→ What needs to be done: Beginning at the line with "Ocean State Job" in the records below, return each line up to and including the last, exactly as it stands, but not the pictures.

→ Input data:
⁂
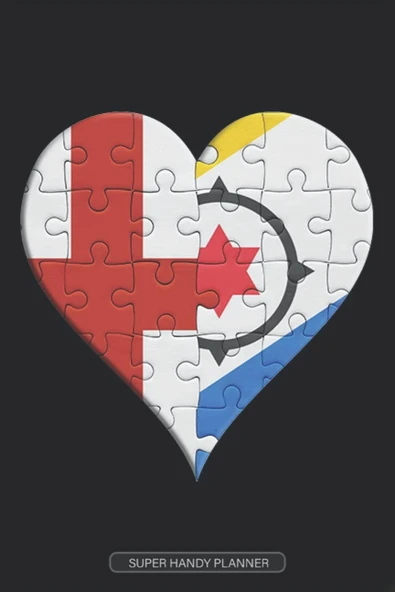Planner: English Bonaire Dutch Flag United Heart Jigsaw Puzzle Flags Of England Bonaire ürün görseli 1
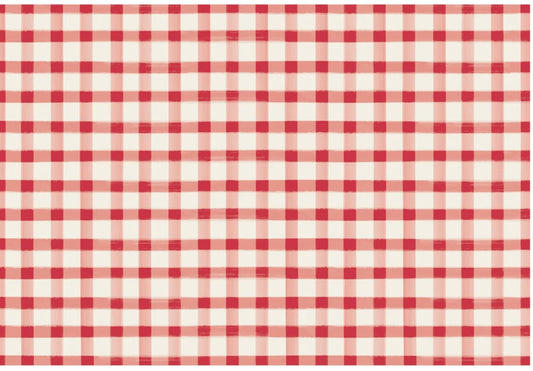 Red Painted Check Placemat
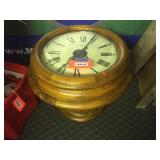 Clock table. Not tested. 25" diameter x 22"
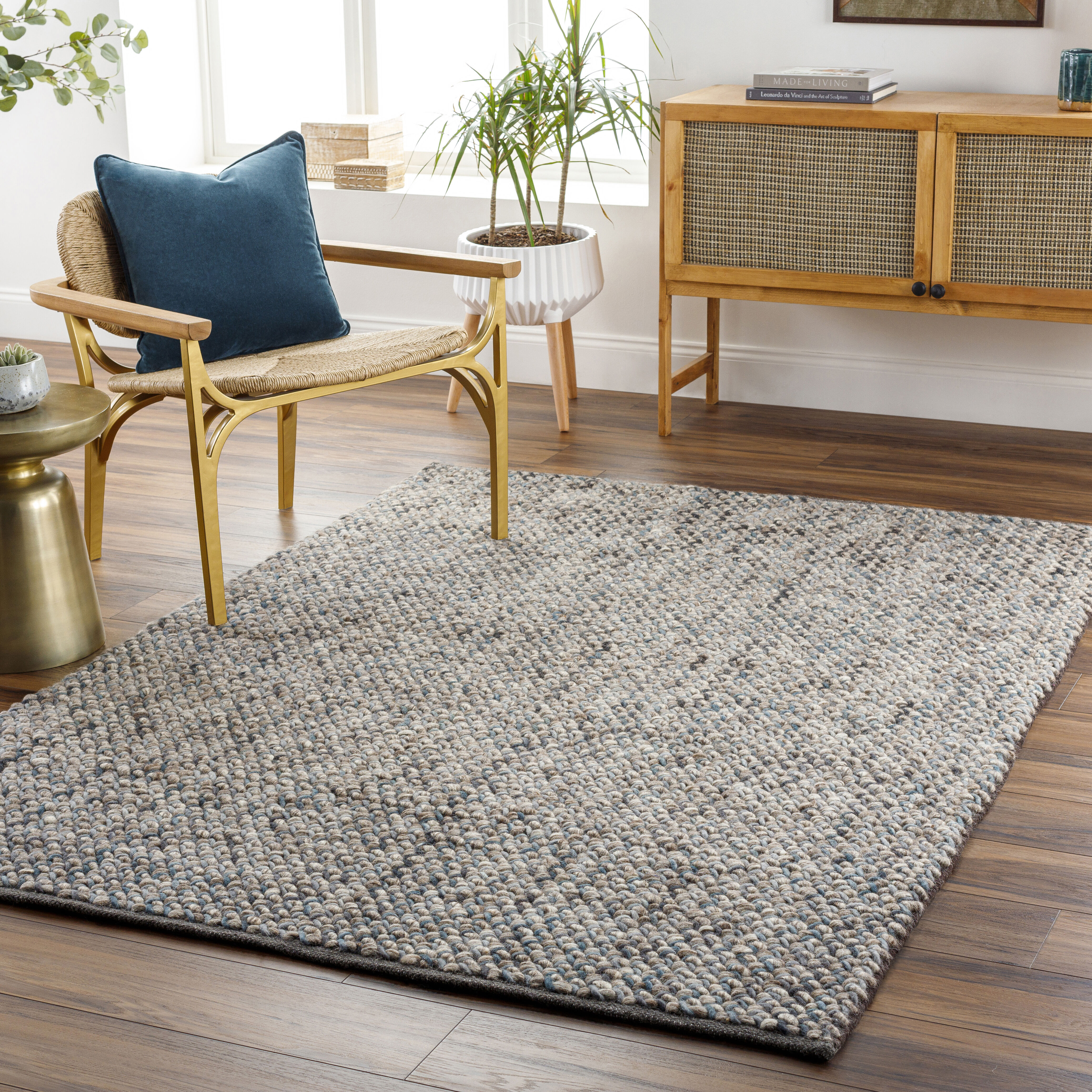 Lansdowne 120 X 96 inch Charcoal Rug, Rectangle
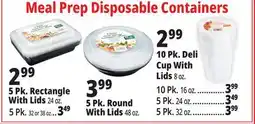 Ocean State Job Lot Meal Prep Containers offer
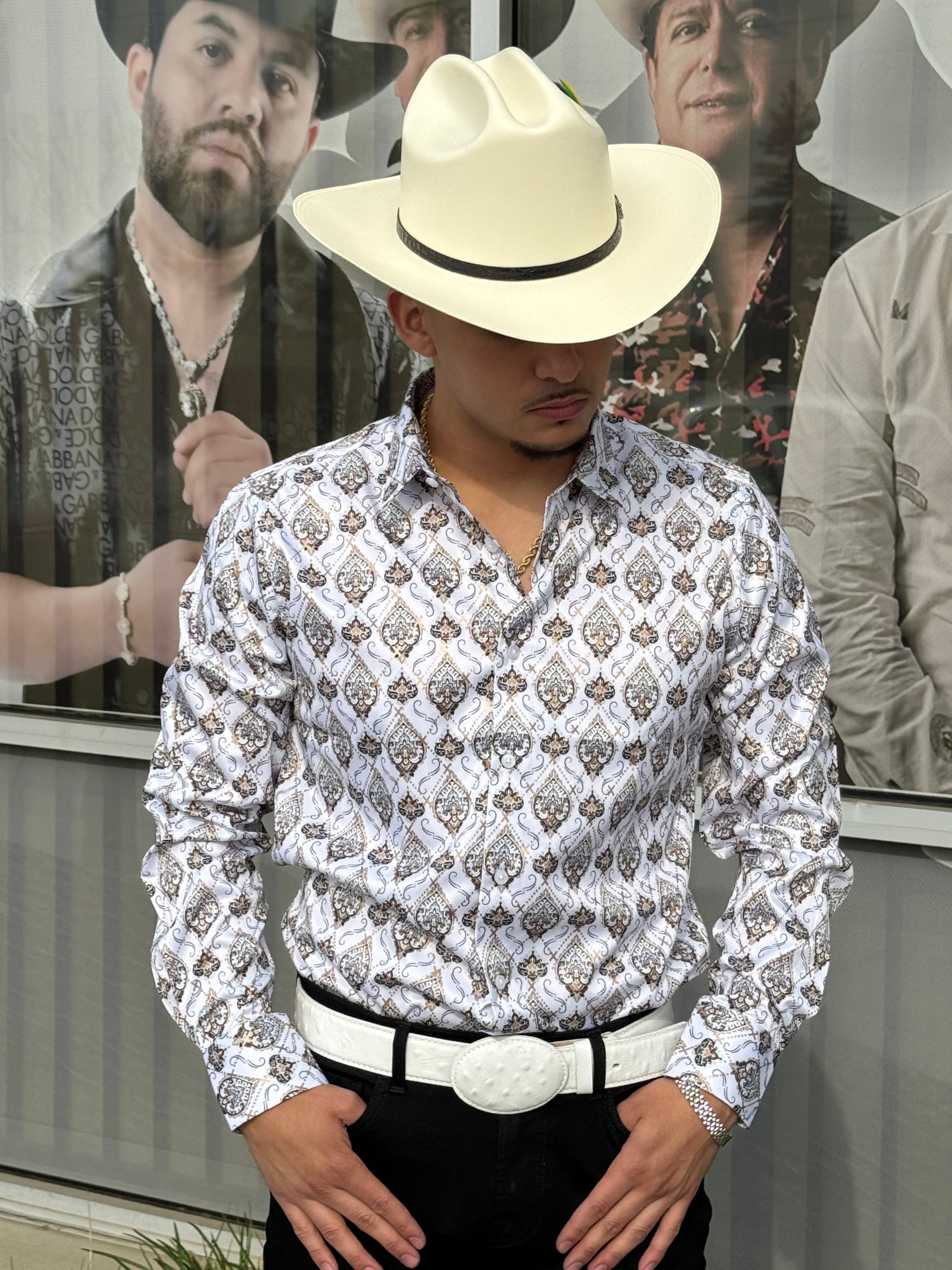Printed LONG sleeve shirt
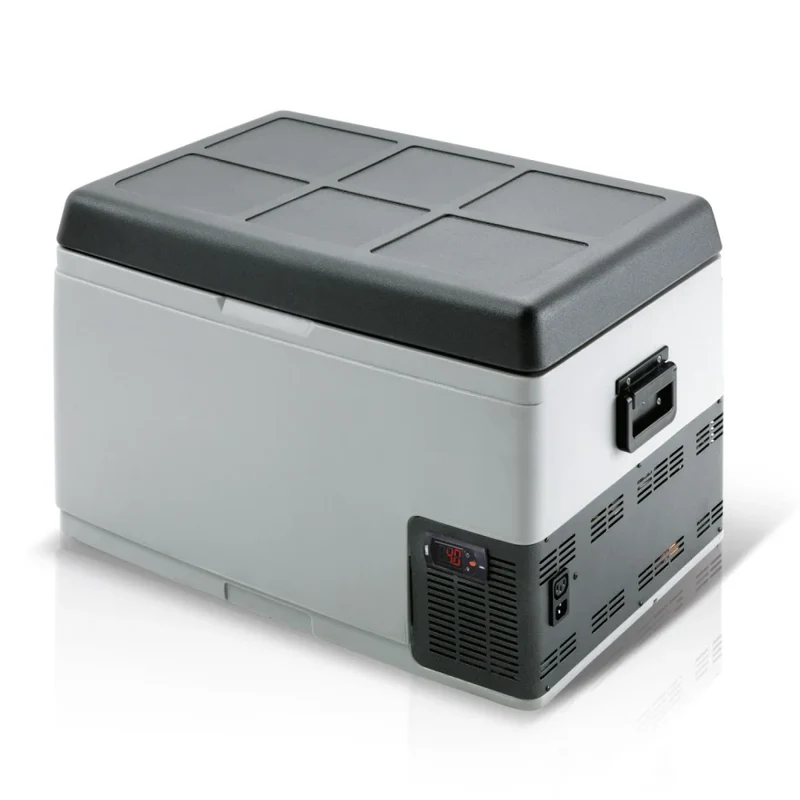 Ⓜ️🔵🔵🔵 Vitrifrigo C65L - Frigo-Freezer Portatile, Termostato Elettrico Led, 65 L, Grigio, Luce LED Interna, A x L x P 45.8x76.5x51 cm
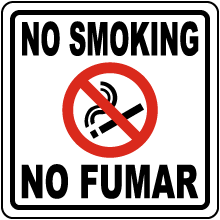 Billingual No Smoking Sign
⁂
→ Response to the task:
 Ocean State Job Lot Meal Prep Containers offer
Printed LONG sleeve shirt
 Ⓜ️🔵🔵🔵 Vitrifrigo C65L - Frigo-Freezer Portatile, Termostato Elettrico Led, 65 L, Grigio, Luce LED Interna, A x L x P 45.8x76.5x51 cm
 Billingual No Smoking Sign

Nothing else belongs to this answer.